Writer/director Jalmari Helander has fallen back on the age-old technique of telling the same story again but making it bigger, louder and even more unbelievable. He’s switched out those pesky Nazis for some caricatured Russians and thrown in a George Miller-esque vehicle chase and an aerial sequence for good measure. Plus some very big explosions.
It’s 1946, the war is done and dusted, and Helander’s silent hero, Aatami (Jorma Tormilla), has decided to nip across the newly-instigated border to take his old home apart plank by plank so he can transport it back to a new location, where he plans to rebuild it… as you do.
But when a top-rank KGB officer hears what’s happening, he releases imprisoned Red Army leader Igor Draganov (Stephen Lang) and instructs him to go in pursuit of Aatami and.. ahem… finnish him off. Draganov is, of course, the man who killed Aatami’s wife and two children, utilising the unusual method of cutting them to bits with a spade, something he’s so proud of he mentions it twice.
All this information is imparted in the film’s opening fifteen minutes and the rest of it (aside from a short coda) is devoted to the ensuing mayhem as Aatami slaughters what feels like the entire male population of Russia with a series of increasingly outlandish improvised weapons.

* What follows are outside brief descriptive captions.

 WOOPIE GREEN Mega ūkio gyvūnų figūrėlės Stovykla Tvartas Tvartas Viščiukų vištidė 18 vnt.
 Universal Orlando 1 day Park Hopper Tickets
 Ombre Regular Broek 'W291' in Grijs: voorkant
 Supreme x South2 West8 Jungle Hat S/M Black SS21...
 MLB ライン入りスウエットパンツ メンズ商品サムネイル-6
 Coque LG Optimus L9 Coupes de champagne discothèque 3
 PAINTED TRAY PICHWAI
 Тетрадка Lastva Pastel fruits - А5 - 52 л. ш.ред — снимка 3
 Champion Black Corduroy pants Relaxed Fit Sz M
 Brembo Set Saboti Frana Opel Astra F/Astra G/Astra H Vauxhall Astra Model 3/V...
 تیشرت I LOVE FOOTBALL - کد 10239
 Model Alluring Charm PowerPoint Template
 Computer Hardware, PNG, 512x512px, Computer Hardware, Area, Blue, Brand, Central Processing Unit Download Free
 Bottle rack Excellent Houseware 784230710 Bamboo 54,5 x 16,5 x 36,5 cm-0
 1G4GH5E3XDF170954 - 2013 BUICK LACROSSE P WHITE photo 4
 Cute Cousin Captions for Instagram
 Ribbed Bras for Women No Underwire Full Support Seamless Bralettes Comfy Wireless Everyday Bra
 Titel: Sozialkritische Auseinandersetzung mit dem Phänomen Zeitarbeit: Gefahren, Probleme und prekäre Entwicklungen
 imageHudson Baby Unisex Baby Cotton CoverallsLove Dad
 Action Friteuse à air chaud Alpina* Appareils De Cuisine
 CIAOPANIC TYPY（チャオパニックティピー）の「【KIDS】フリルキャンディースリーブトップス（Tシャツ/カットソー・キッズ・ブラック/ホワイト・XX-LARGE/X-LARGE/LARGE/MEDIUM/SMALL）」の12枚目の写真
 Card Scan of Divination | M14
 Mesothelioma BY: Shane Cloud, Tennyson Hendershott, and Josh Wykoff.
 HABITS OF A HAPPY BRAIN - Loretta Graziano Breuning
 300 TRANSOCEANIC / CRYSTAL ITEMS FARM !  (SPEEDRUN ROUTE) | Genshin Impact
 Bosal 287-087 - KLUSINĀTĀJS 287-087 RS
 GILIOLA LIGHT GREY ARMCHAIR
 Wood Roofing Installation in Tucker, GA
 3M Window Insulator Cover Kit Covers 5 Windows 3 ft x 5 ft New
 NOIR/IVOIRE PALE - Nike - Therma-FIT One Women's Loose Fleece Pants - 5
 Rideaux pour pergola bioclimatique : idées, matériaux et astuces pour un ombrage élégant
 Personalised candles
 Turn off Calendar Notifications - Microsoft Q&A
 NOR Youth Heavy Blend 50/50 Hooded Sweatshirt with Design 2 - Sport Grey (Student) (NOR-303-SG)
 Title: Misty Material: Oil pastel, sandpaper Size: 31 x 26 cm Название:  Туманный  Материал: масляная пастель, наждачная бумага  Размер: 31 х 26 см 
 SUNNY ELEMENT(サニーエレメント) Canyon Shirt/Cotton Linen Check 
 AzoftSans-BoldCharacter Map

This is a man capable of turning a paper handkerchief into something with the killing potential of an AK47. While I’m happy to suspend my disbelief to a certain level, I have to draw the line at watching him deflect an approaching fighter plane with a length of roof timber, or propelling a train along a track at super speed simply by igniting the rocket it’s carrying on a flatbed.
Yes, I know, it’s not meant to be realistic – but neither is it a superhero film and Aatami’s abilities somehow feel more suited to that genre.
More worrying to my mind are the later scenes where Aatami is captured and brutally tortured by the people who have simply been instructed to kill him. The damage inflicted upon his bare flesh borders on the prurient. And God forbid if at some point we had flashbacks to earlier days and his memories of that family he spends all his time trying to avenge. It’s almost amusing to learn that Tormilla is a respected theatrical actor in his homeland, when all he’s required to do here is bleed copiously, grunt when he’s obliged to walk barefoot on glass and occasionally decapitate one of his many opponents. But hey, that’s showbiz.
Looking desperately around for something to enthuse about, I will say that cinematographer Mila Orasmaa does a creditable job of capturing all the madness on film and that the music of Juri Seppä and Tuomas Wäinölä has a stirring Ennio Morricone quality that sometimes makes me feel I’m watching a Sergio Leone western. (Not that we’re anywhere near that exalted league.)
And then there’s the aforementioned coda, which – against all the odds – is poignant and strangely moving. Though in the case of Sisu: Road to Revenge, it does feel suspiciously like too little, too late.